Out of the Secret Garden: The RDA/DC Initiative

By Karen G. Schneider |

(If you're at ALA Annual Conference while you're reading this, the RDA Update Forum is Saturday, June 23, 4:00-5:30 at WCC 206.)

"Libraries have lost their place as primary information providers, surpassed by more agile (and in many cases wealthier) purveyors of digital information delivery services. Although libraries still manage materials that are not available elsewhere, the library's approach to user service and the user interface is not competing successfully against services like Amazon or Google."

-- Karen Coyle and Diane Hillman, "Resource Description and Access: Cataloging Rules for the 20th Century"

You may not think you care about AACR2 (Anglo-American Cataloging Rules) or its successor, RDA (Resource Description and Access). That may seem like boring old-school stuff, not nearly as fun or glitzy as romping in Second Life or, as I am wont to do, posting the details of your afternoon snack on Twitter.

But the next time you complain about the limitations of library data—the gazillions of records we have created about the physical items in our libraries—and wonder why none of the cool new applications leverage the millions of library records shared worldwide, or why your expensive catalog can't integrate with a nifty new social software tool, or you wonder why there's no Google mashup to connect readers and books, consider this: to a large extent, it's because our data suck.
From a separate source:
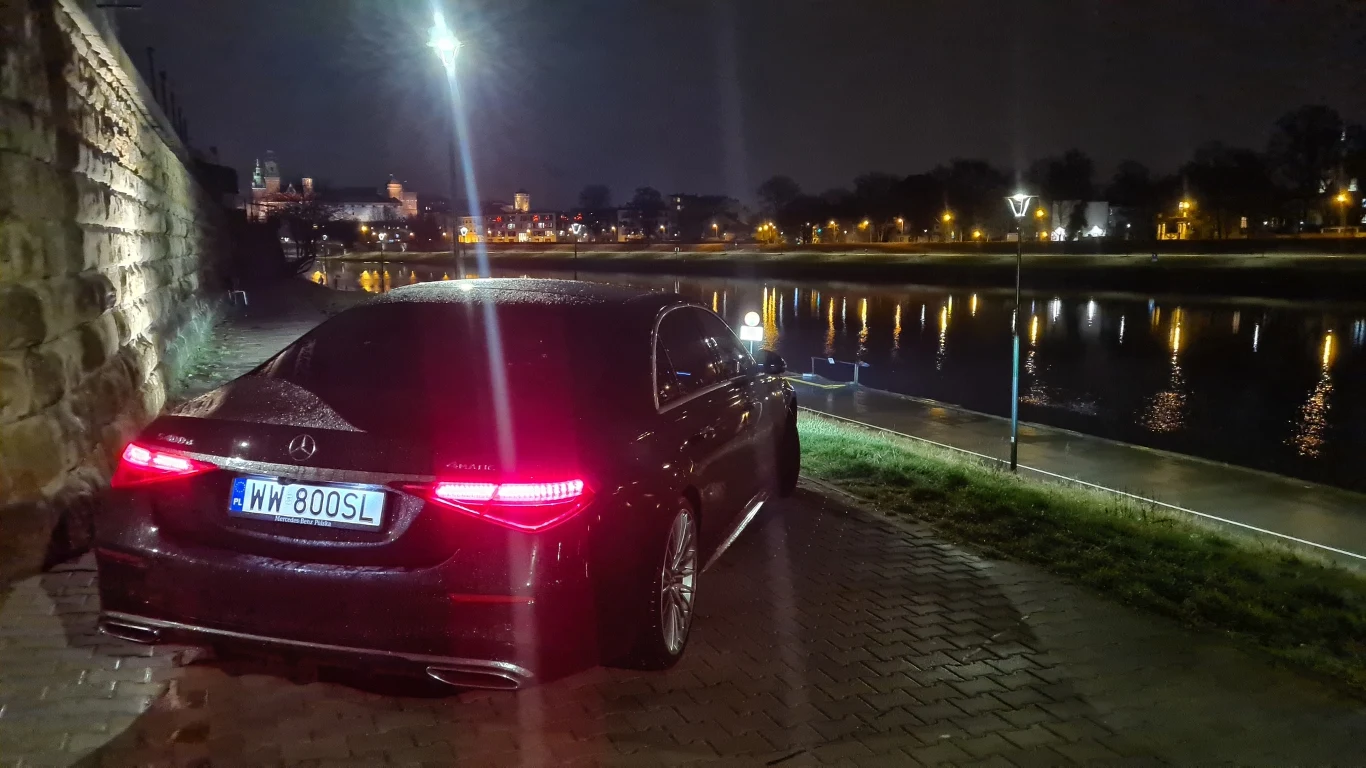 Mercedes S 400 d 4MATIC Long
Not only that, it's our fault our data suck. Fixing this problem is not simply a matter of pointing at library vendors and saying, "Do better!" In many cases, vendors aren't doing too badly, considering what they have to deal with: our funky, inexplicable, old-fashioned, library-specific data that are the product of our cataloging rules.
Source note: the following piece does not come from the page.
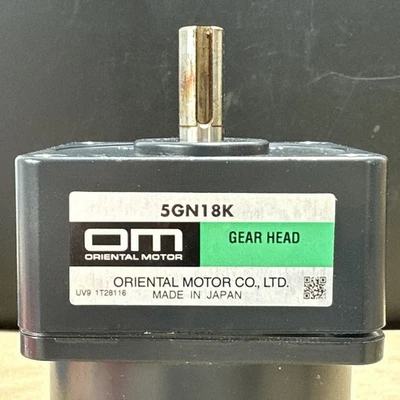 USED Oriental Motor MSM540-402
We have built a mighty empire filled with standards and rules such as AACR2 and MARC that, long before the rest of the world was online, allowed us to do some amazing things within and across our institutions. If you've ever watched an interlibrary loan librarian buzz through hundreds of libraries with the flick of a wrist, hunting down a book for a patron, you have some idea of how important and powerful our standards have been for us.
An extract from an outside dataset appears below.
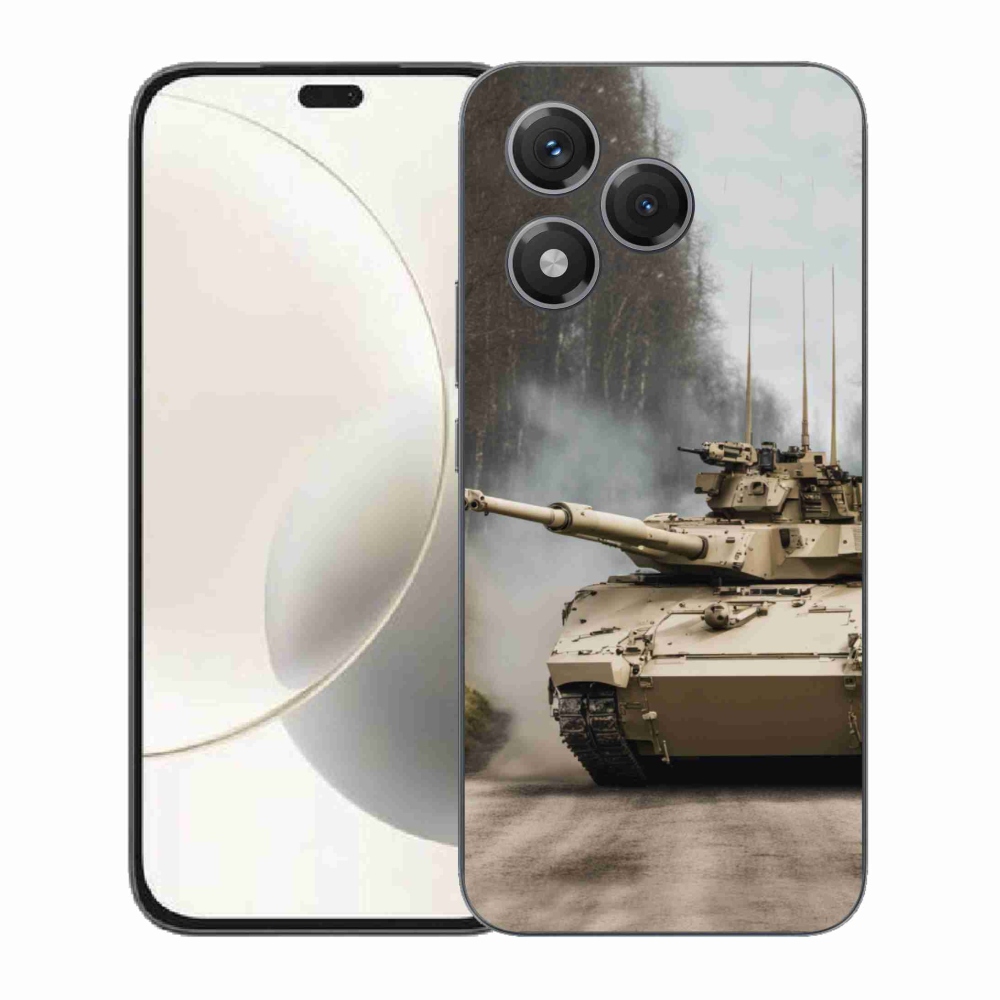 Zselés borítás mmCase a Honor 400 Lite-hoz - tartály 1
Given the potency of library data, it's not surprising that there are many communities online that have expressed interest in our enormous data sets. But we can't share our data with them (let alone explain it to ourselves half the time), because our library data are plagued by an aging, conflicted, poorly elucidated witch's cauldron of practices that are written down on paper but are not embedded within the structure of our data.

Double, double, toil and trouble

Another day in Tech Services Because of this, cataloging is not so much a science as a dark art, driven by informal, implicit understandings rather than clear schema and vocabularies. MARC, despite its name, is only nominally machine-readable, and is not easily usable within the context of modern programming languages. People outside of library software programming have never seen anything like it. It's not all that human-readable, either, as this 045 field demonstrates:

045 2#$bd186405 $bd186408 

Did you catch that this means May – August, 1864?

Even worse, as Karen Coyle and Diane Hillman warned us earlier this year in an article with the sotto voce humorous subtitle, "Cataloging Rules for the Twentieth Century," RDA, rather than pushing us to cataloging rules compatible with 21st century requirements, repeats many of the anachronisms found in earlier editions of AACR.

The most profound limitations with RDA to date have to do with its lack of compatibility with machine-manipulable data--that is, data that can be read, and processed by, computers. RDA may be ponderous—the latest draft proposes 14 chapters and 4 appendices, with a couple of chapters weighing in at over 120 pages--but like the giant reptiles who died millions of years ago, it does not make up for its girth with intelligence.

Squeeze this onto the Semantic Web!Coyle and Hillman cite the mixed language for "number of units," pointing out that phrases such as "12 posters" are not easily machine-readable, and that many of the rules are still based on the "linear, card-based model" that, incredibly, continues to be the foundation of modern cataloging. One of the most telling anachronisms in RDA is its continuation of notions such as "primary" and "secondary," which as Coyle and Hillman point out, are concepts designed for effective use of space on a 3 x 5 card. What possible relevance do "primary" and "secondary" have in the online world, where all access points are created equal?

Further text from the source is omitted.